Print the data exactly. Pictures stay out.

*** Information supplied

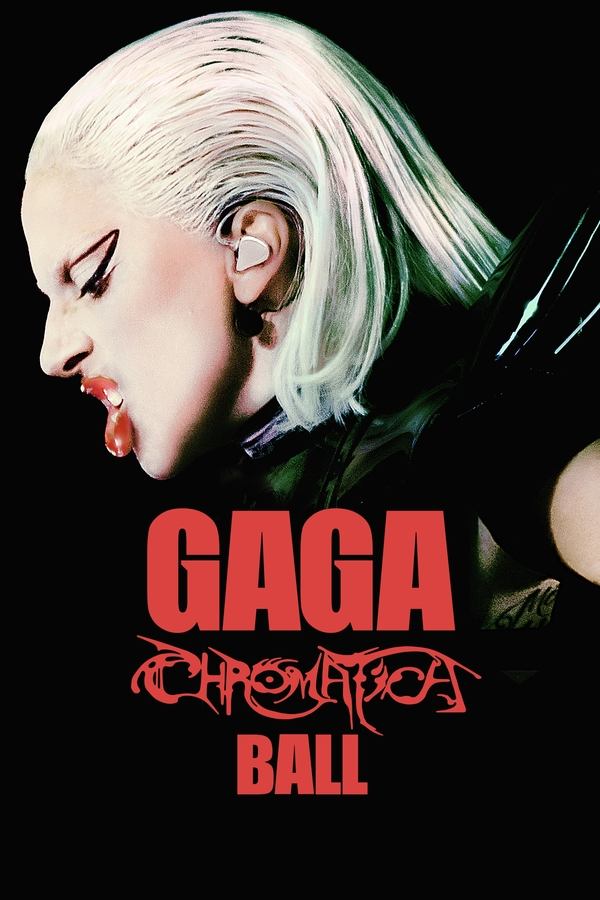 SE - Gaga Chromatica Ball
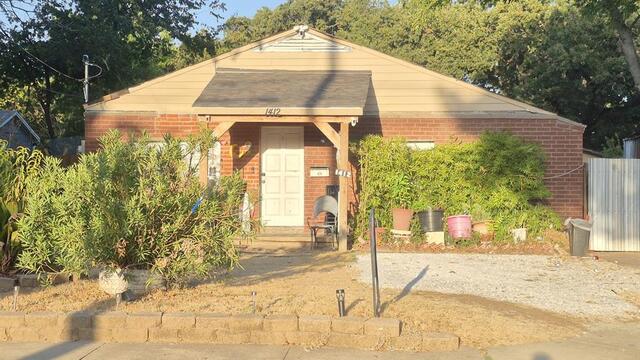 1412 Balleywood Road, Irving, TX image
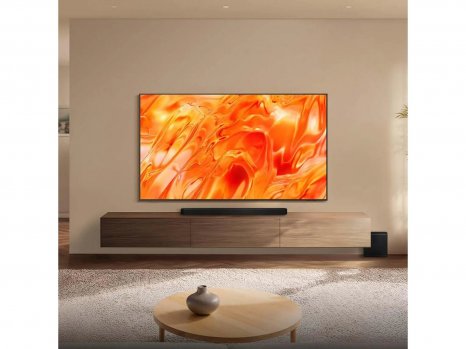 Фото товара Samsung QE75QN70H 4K Ultra HD EU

******

*Finished task*.
 SE - Gaga Chromatica Ball
 1412 Balleywood Road, Irving, TX image
 Фото товара Samsung QE75QN70H 4K Ultra HD EU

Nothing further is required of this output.